NEW YORK (CNN/Money) -
General Motors Corp. said Thursday it expects lower earnings in 2003 as it warned that its increasing pension costs will hit the bottom line.
The world's largest automaker said it expects to earn $5.00 a share, excluding results for Hughes Electronics and special items. Analysts surveyed by earnings tracker First Call expect the company to earn $4.82 a share in 2003, but that number includes a loss at Hughes, which is expected to reduce GM earnings by about 20 cents a share in 2003, meaning the new forecast is close to estimates.
For 2002, GM is expected to earn $6.54 a share excluding special items but including an estimated loss of 40 cents a share from Hughes.
Some analysts had been expecting even deeper pension costs and problems, and the guidance from GM (GM: up $1.09 to $39.30, Research, Estimates) helped lift shares in Thursday morning trading.
The company said underfunding of its pension plan soared to $19.3 billion at the end of 2002, more than double the $9.1 billion underfunding a year earlier, as the plans' assets lost 7 percent of value due to stock market declines. GM said its pension expense should be about $3 billion before taxes in 2003, up from $1 billion before taxes in 2002.
GM Chief Financial Officer John Devine told analysts at a presentation in Dearborn, Mich., Thursday that without the increase pension costs, as well as Hughes and special items, GM earnings per share would rise to $7.55 a share in 2003.
"We're not ignoring pensions. They're real; we're dealing with them," he said. "But our core operating earnings are continuing to improve in a year we expect (vehicle sales) volume to be down slightly."
GM lowered its estimate of long-term return on assets in 2003 to a 9 percent average annual gain from its earlier assumption of a 10 percent gain. The reduced interest rate environment also lowered the discount rate, which is used to calculate the present value of future pension liabilities, to 6.75 percent from 7.25 percent in 2002, further increasing the plan's underfunding.
The $19.3 billion underfunding at the end of the year is actually a little better than its earlier estimate at the end of the third quarter of a $23 billion underfunding. The 7 percent decline in asset value is also a bit better than an earlier 9 percent decline estimate.
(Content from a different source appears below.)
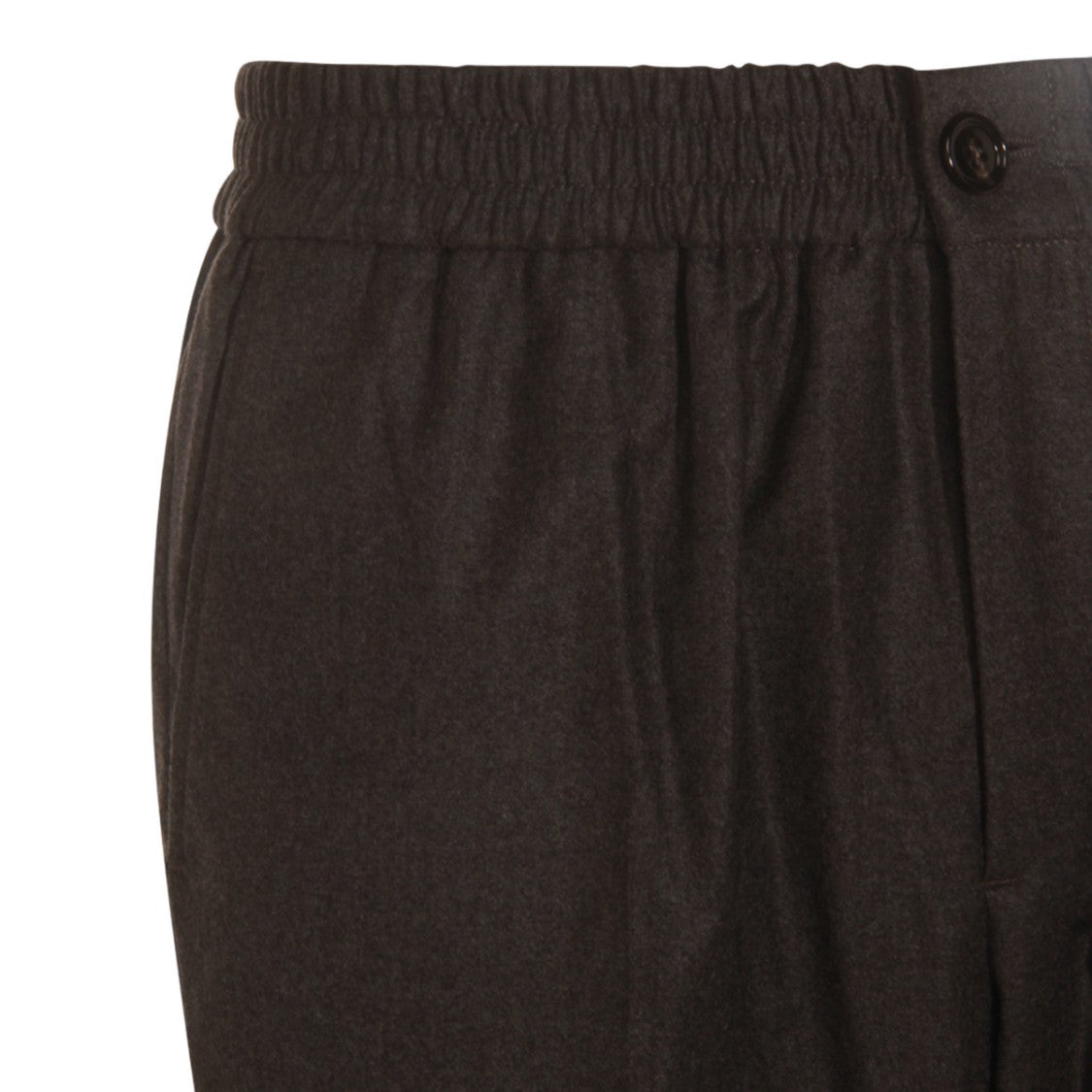 Ami Paris Straight-Leg Tailored Trousers With Elastic Waistband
Devine pointed out that the $19.3 billion underfunding is not significantly worse than the $18.5 billion underfunding at the end of 1993. The company ended 1997 and 1998 with slight underfundings of their plans, despite the bull markets those years, before ending 1999 and 2000 with overfunded positions.
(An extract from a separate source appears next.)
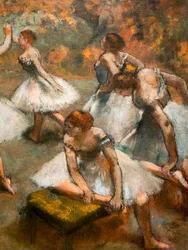 Tänzerinnen auf der Bühne (Detail)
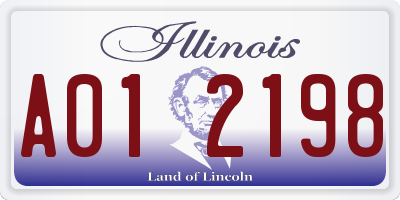 IL license plate A012198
"We've been here before," he said. "We don't like to be here, but we've been here before and we know what to do and how to do it, even if we don't expect the same bull market that we saw in the '90s."
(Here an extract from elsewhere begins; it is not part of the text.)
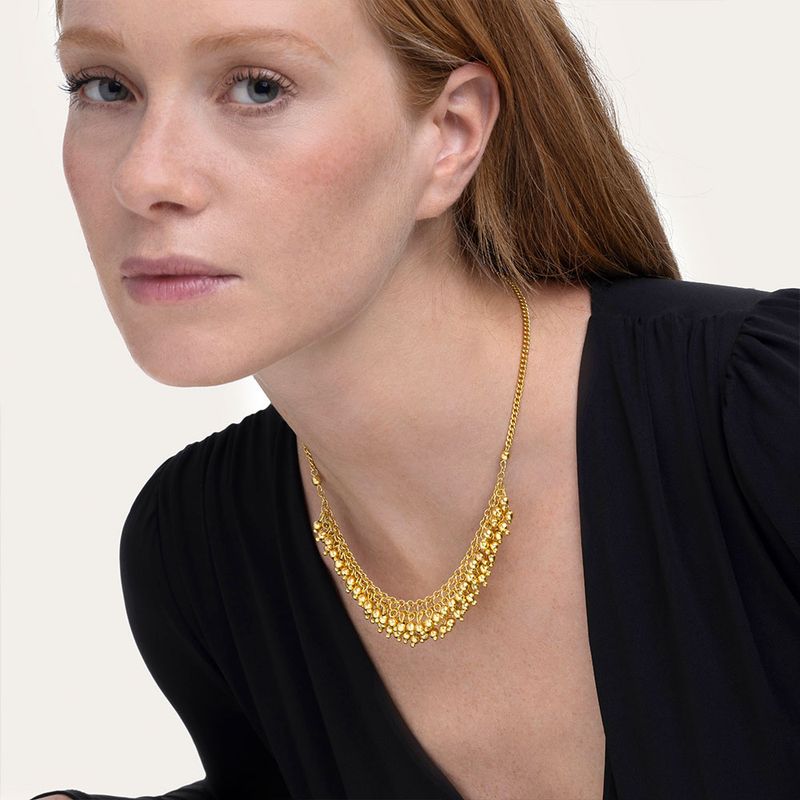 DD01042COLLANA MAGLIA MULTISFERE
The company said it is expecting industrywide U.S. sales of 16.5 million vehicles this year, down about 2 percent from the 16.8 million cars and light trucks, such as sport/utility vehicles, pickups and minivans, sold in 2002. Devine said the company thinks there is a less than 20 percent chance of a severe downturn in the economy and U.S. vehicle sales in 2003.
But he noted that even if U.S. industry sales fall 15.5 percent as part of a general downturn, GM expects to be able to earn at least $1.00 a share in 2003 and generate a positive cash flow.